ASSIGNMENT »
Each entry must come back word for word; drop the images as you go.

[Dataset excerpts]

+ + + + +

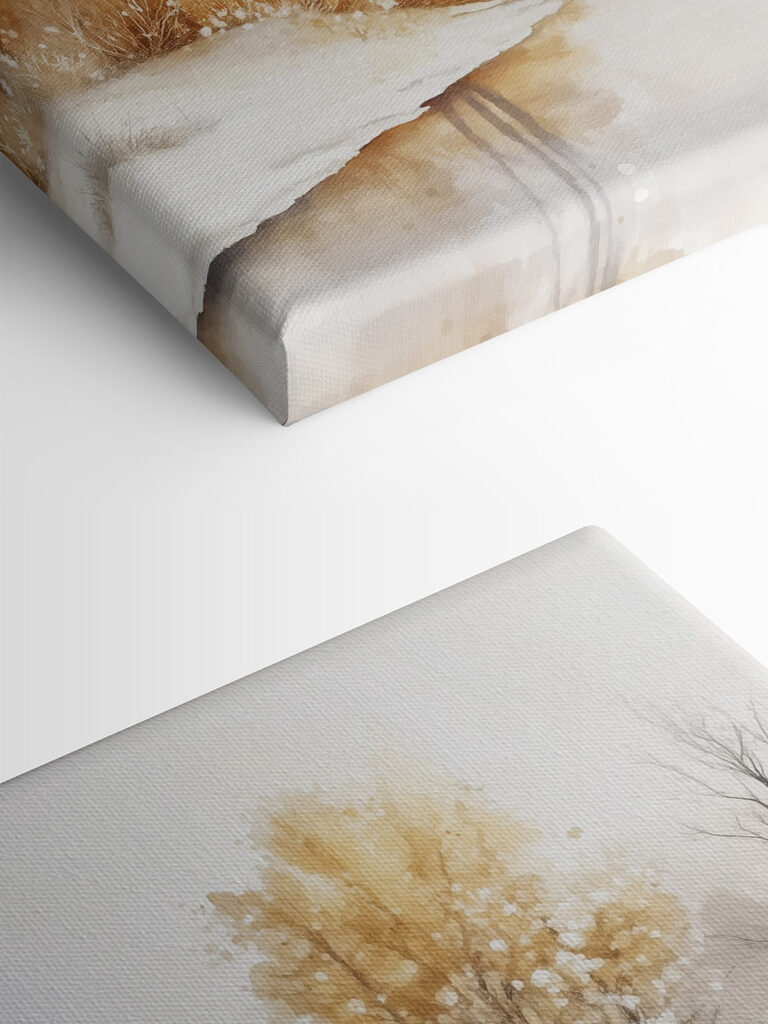 Watercolor of a river with trees and grass and snow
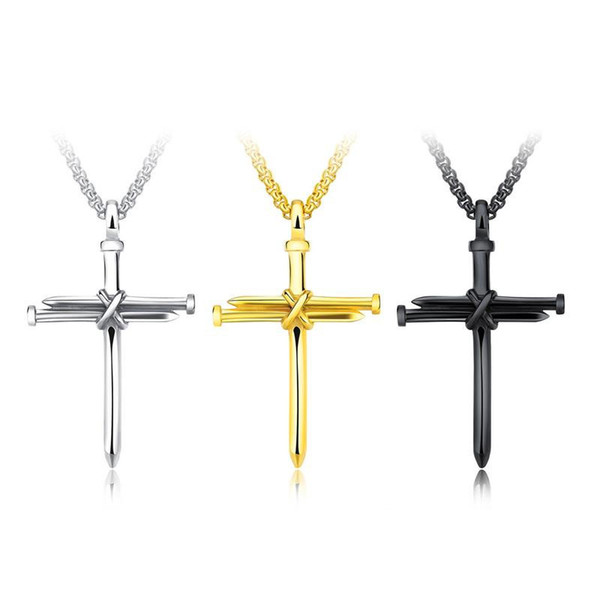 Fashion Necklaces Titanium Steel Nail Cross Charm Pendant Delicate Necklace Mens Jewelry Accessories Gifts Support FBA Drop Shipping G876F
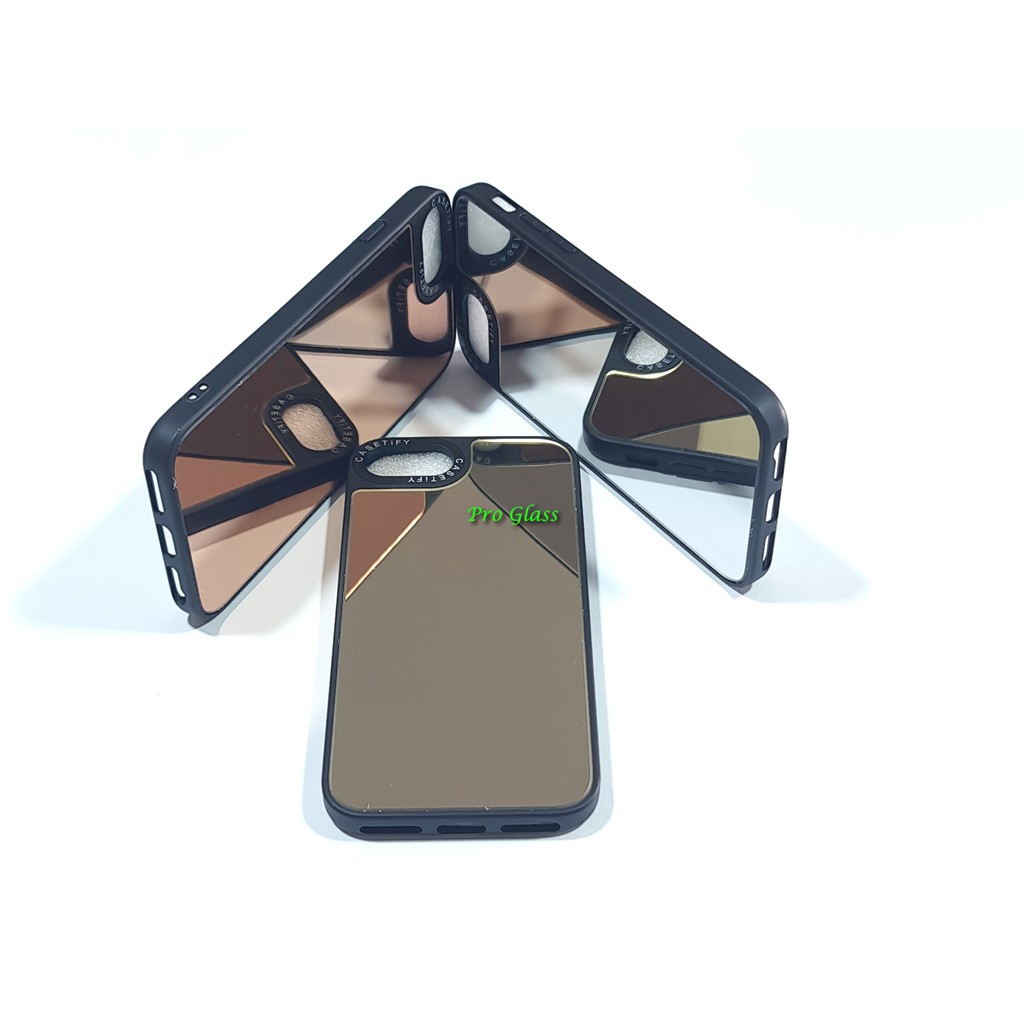 C120 Iphone 6 6+ 7 7+ 8 8+ XR X XS XS MAX Casetify Mirror Glass Case Cermin Kaca Casing Silicone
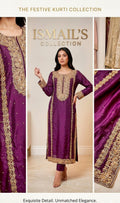 Plum Heritage – Hand-Embellished Rose Silk Ensemble from The Festive Kurti Collection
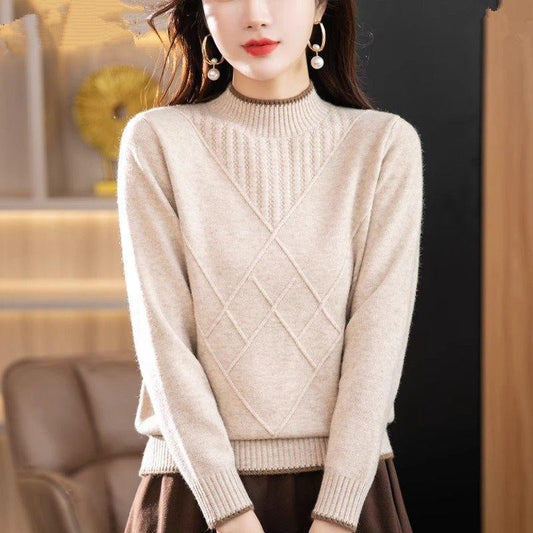 Women's Half Turtleneck Solid Color Sweater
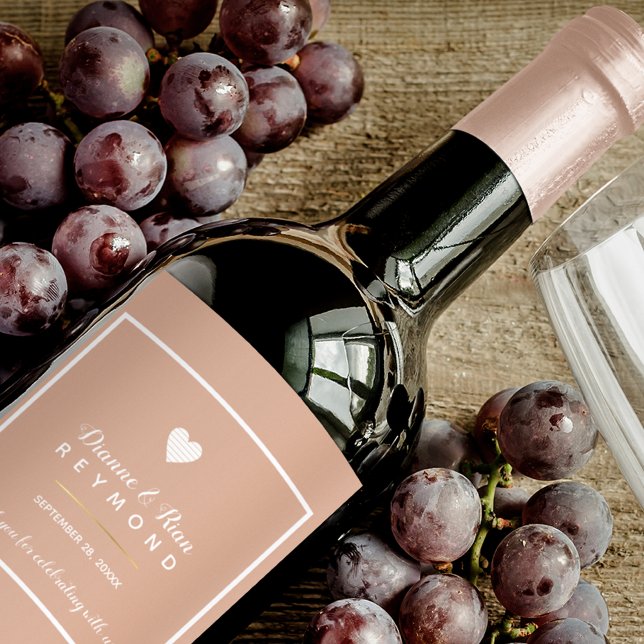 Romantic Elegely Labeled Bröllop Dusty Ro Vinflaska Etikett (wedding & wine)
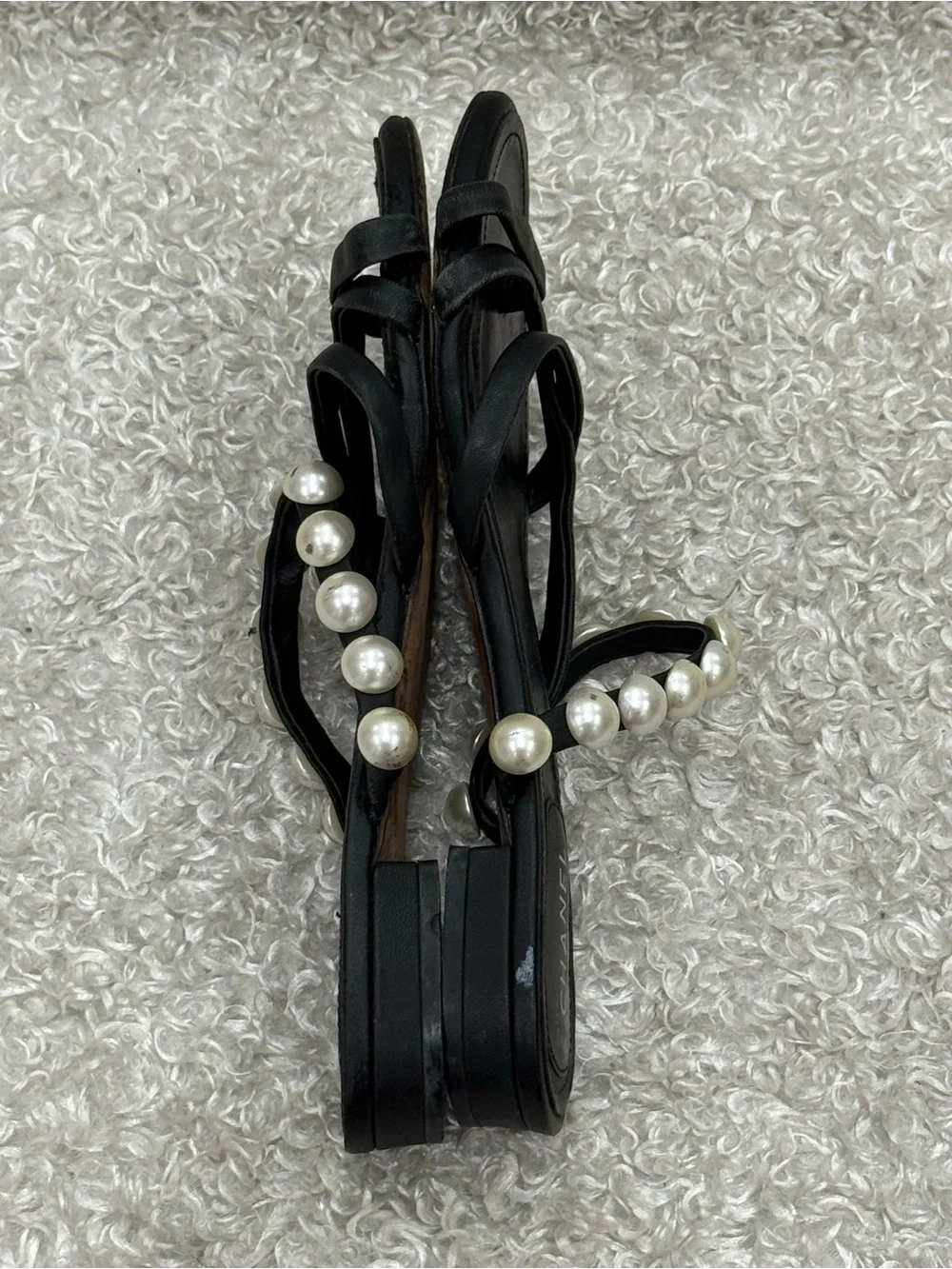 CHANEL Black Pearl Sandals Size 39C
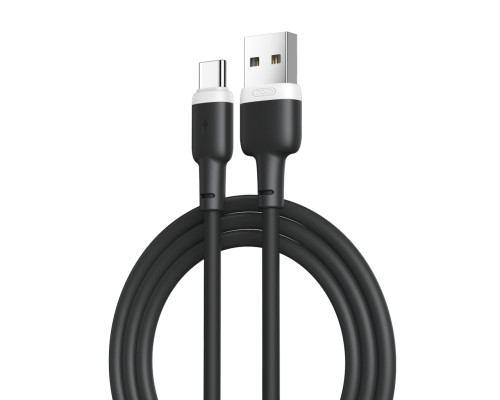 Дата кабель USB 2.0 AM to USB-C 1.0m 2.1A silicone black XO (NB208-TC-1-BK)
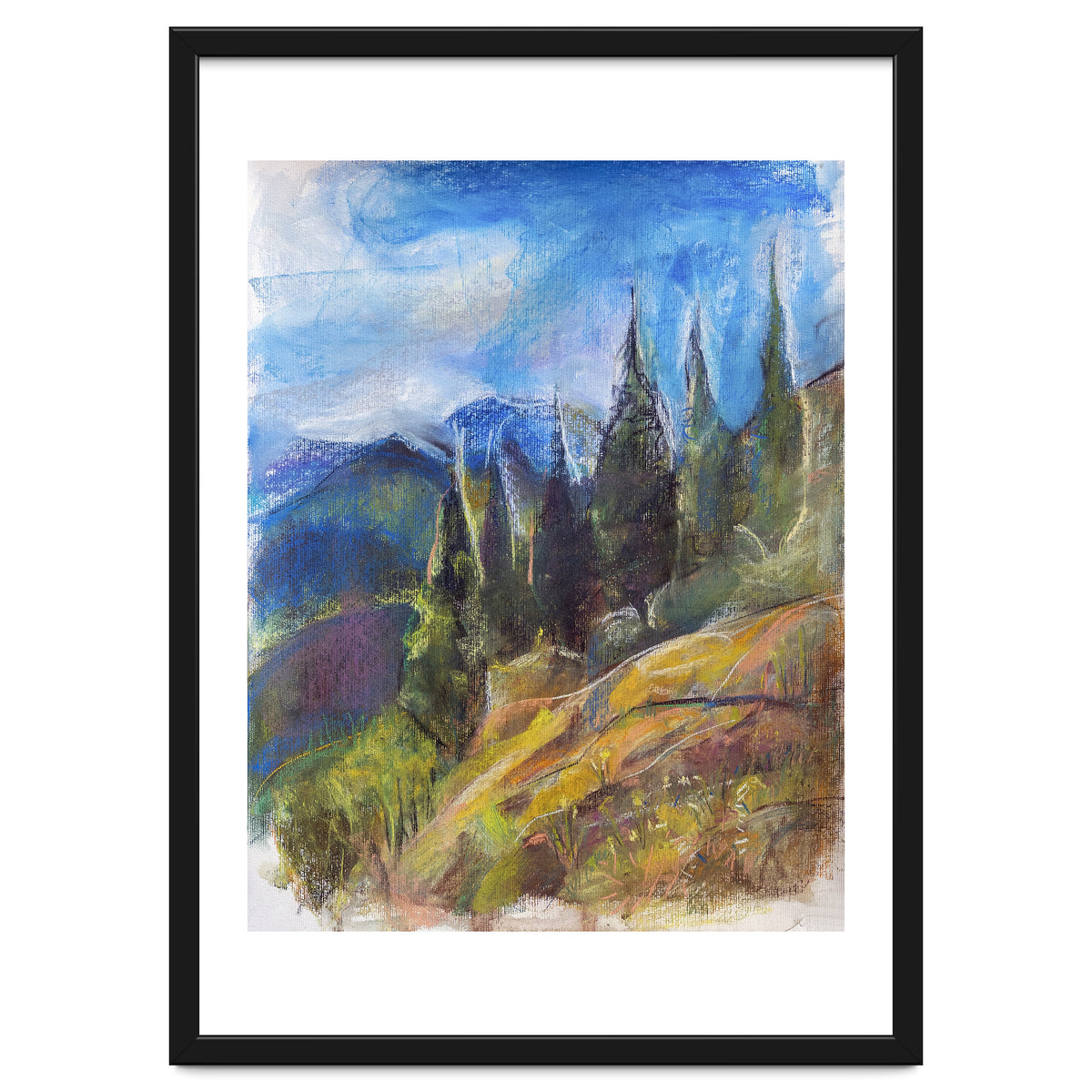 Pastel drawing of an Alpine Pine Forest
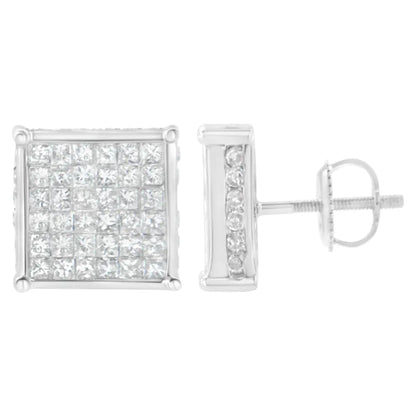 10K White Gold 2ct TDW Princess-Cut Composite Diamond Stud Earring (I-J ,I2-I3) - Bijoux-NYC Direct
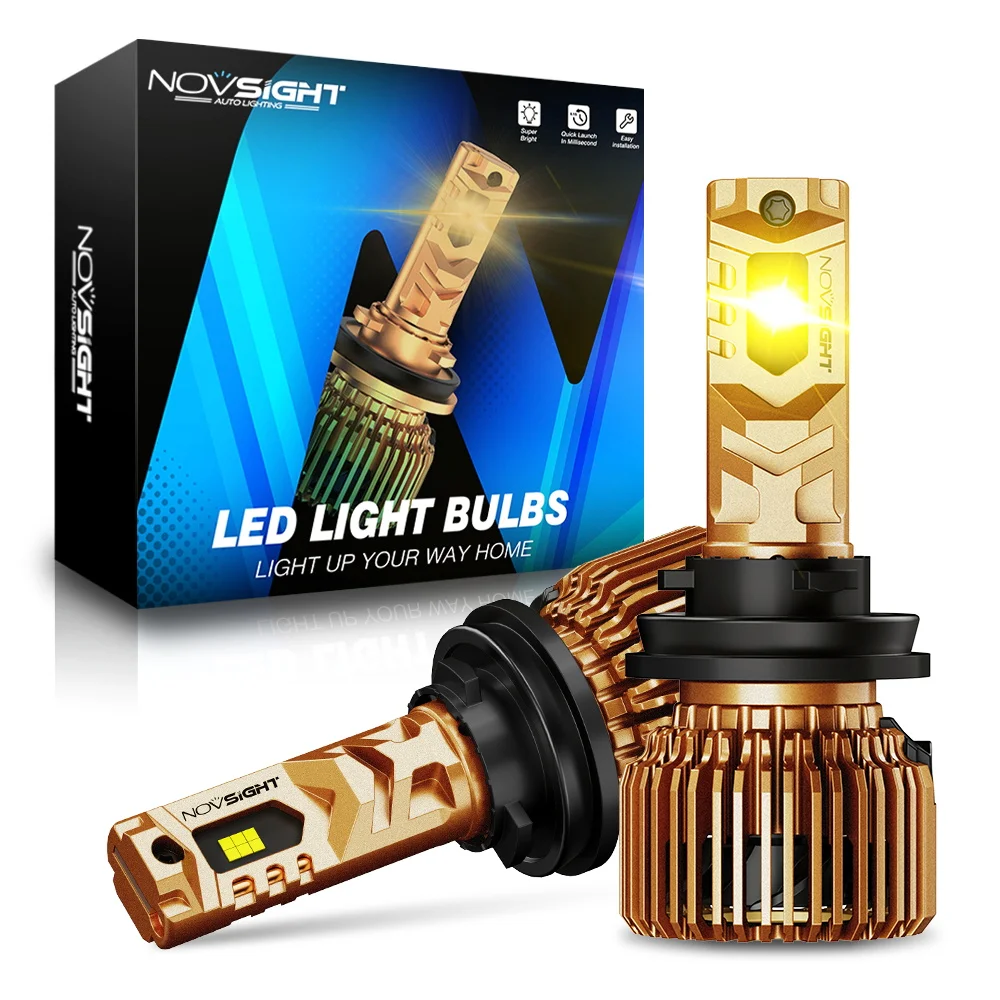 NOVSIGHT A500 N75Y Yellow Light 3000K H11 LED Headlight For Car LED 100W 20000LM LED Auto Headlamp High Brightness Bulbs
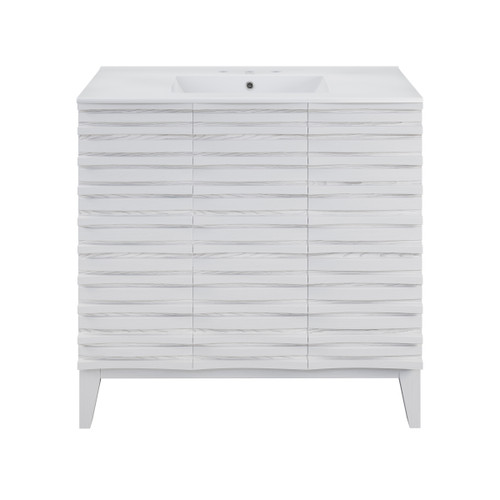 Swiss Madison SM-BV471W-3 Cascade 36 in. White Oak Bathroom Vanity With White, 3-Hole Ceramic Sink Top
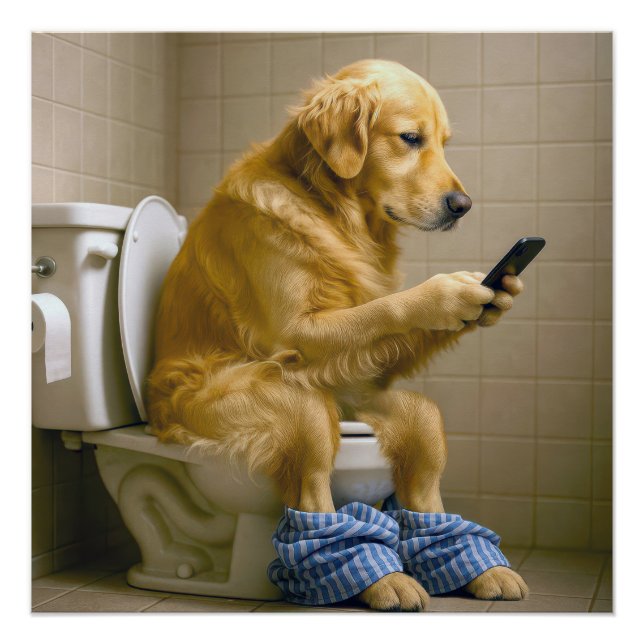 Póster Golden Retriever Sitting On the Toilet Texting (Frente)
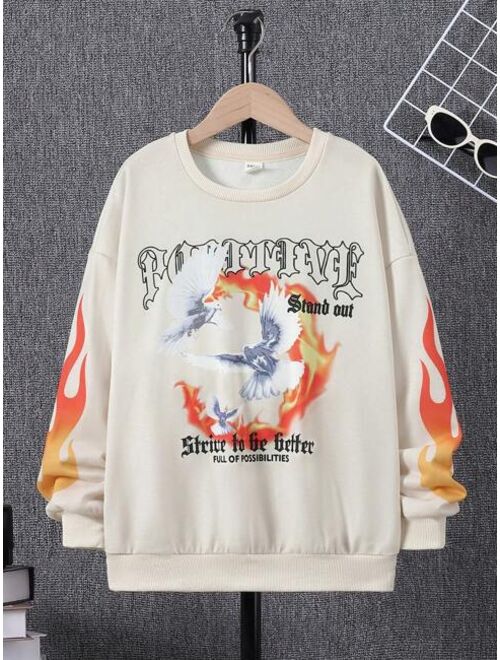 SHEIN Kids HYPEME Tween Boy Letter Fire Print Drop Shoulder Pullover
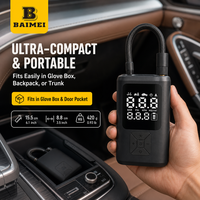 Pompe à air numérique portable BAIMEI, gonfleur rechargeable, logo personnalisé, pompe à pneus sans fil pour voiture et vélo, vente en gros, usine OEM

+ + + + +

SOLUTION »
 Watercolor of a river with trees and grass and snow
 Fashion Necklaces Titanium Steel Nail Cross Charm Pendant Delicate Necklace Mens Jewelry Accessories Gifts Support FBA Drop Shipping G876F
 C120 Iphone 6 6+ 7 7+ 8 8+ XR X XS XS MAX Casetify Mirror Glass Case Cermin Kaca Casing Silicone
 Plum Heritage – Hand-Embellished Rose Silk Ensemble from The Festive Kurti Collection
 Women's Half Turtleneck Solid Color Sweater
 Romantic Elegely Labeled Bröllop Dusty Ro Vinflaska Etikett (wedding & wine)
 CHANEL Black Pearl Sandals Size 39C
 Дата кабель USB 2.0 AM to USB-C 1.0m 2.1A silicone black XO (NB208-TC-1-BK)
 Pastel drawing of an Alpine Pine Forest
 10K White Gold 2ct TDW Princess-Cut Composite Diamond Stud Earring (I-J ,I2-I3) - Bijoux-NYC Direct
 NOVSIGHT A500 N75Y Yellow Light 3000K H11 LED Headlight For Car LED 100W 20000LM LED Auto Headlamp High Brightness Bulbs
 Swiss Madison SM-BV471W-3 Cascade 36 in. White Oak Bathroom Vanity With White, 3-Hole Ceramic Sink Top
 Póster Golden Retriever Sitting On the Toilet Texting (Frente)
 SHEIN Kids HYPEME Tween Boy Letter Fire Print Drop Shoulder Pullover
 Pompe à air numérique portable BAIMEI, gonfleur rechargeable, logo personnalisé, pompe à pneus sans fil pour voiture et vélo, vente en gros, usine OEM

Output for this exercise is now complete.